It happened then, the thing that Diana had subconsciously feared for hours—she started to laugh and she couldn’t stop. “Cole wouldn’t have laid a hand on Barbara! He lived in daily fear of us coming on to him. Remember how hard we all worked to get him to notice us?”
“I remember,” Corey admitted, but her brows remained pulled together in a watchful frown.
“It’s so funny . . . so hideously funny.”
“Is it? Funny?” Corey said cautiously, but she was beginning to believe Diana was thinking far more clearly than she’d first imagined when she saw her curled up in that chair.
“Yes, it is!” Diana said, nodding emphatically. “It’s hilarious. I know, because I was the one who kept the bets.”
“What bets?”
“The bets!” she laughed. “Everyone, including Barbara, put money into a box, and the first one to get Cole to kiss her was the winner.” Diana laughed harder. “I was the treasurer. And no one won!” Suddenly she turned her face into the chair and the laughter turned to wrenching sobs. “No one won!” she sobbed. “They’re destroying him . . . and no one ever won!”
Chapter 55
DIANA TRIED TO CALL COLE at home the next morning, but the man who answered his phone said that Mr. Harrison was at work. At his office Mr. Harrison’s secretary said he wasn’t in.
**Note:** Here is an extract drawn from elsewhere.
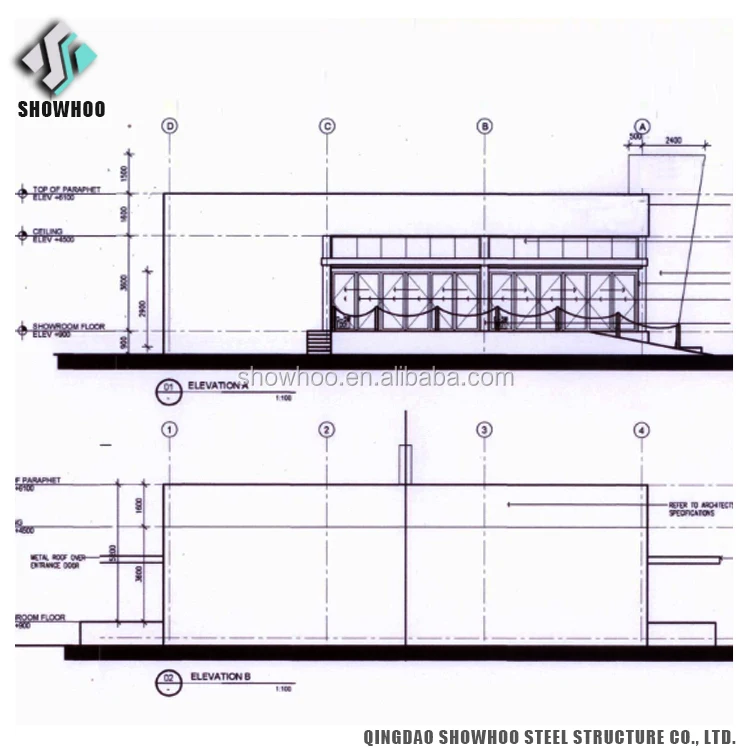 Design Prefabricated Light Weight Steel Structure Glass 4s Car Shop Showroom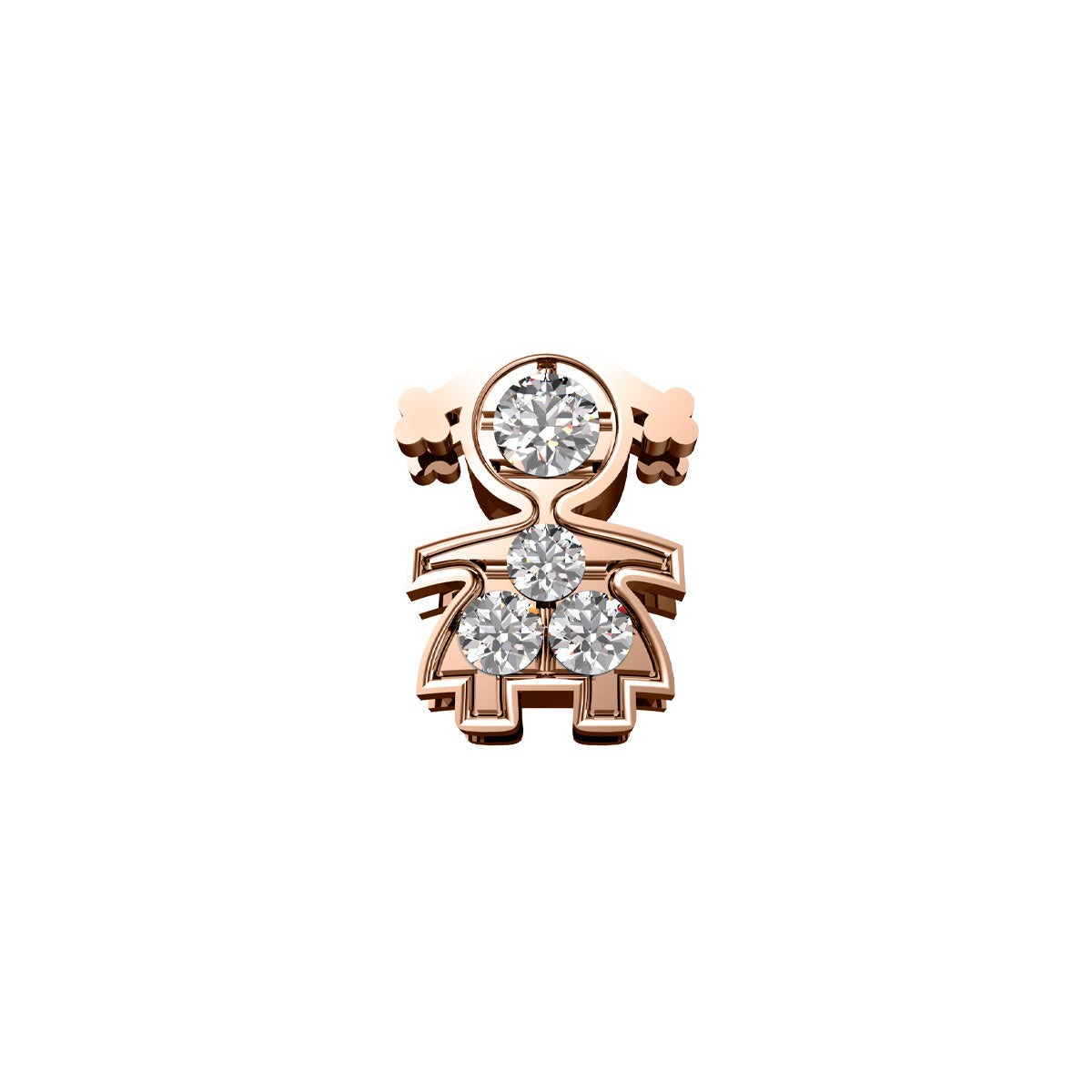 Charm bimba donna Elements in oro rosa e diamanti dchf9210.001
Diana arrived at the obvious conclusion that she was a very dispensable commodity to men, and that Cole had just been amusing himself when they were together with Cal, playing with marriage. When other matters in his life became pressing, either he didn’t want to be bothered with her or he forgot that she existed! Her brain accepted that, but her heart rejected it and went on aching.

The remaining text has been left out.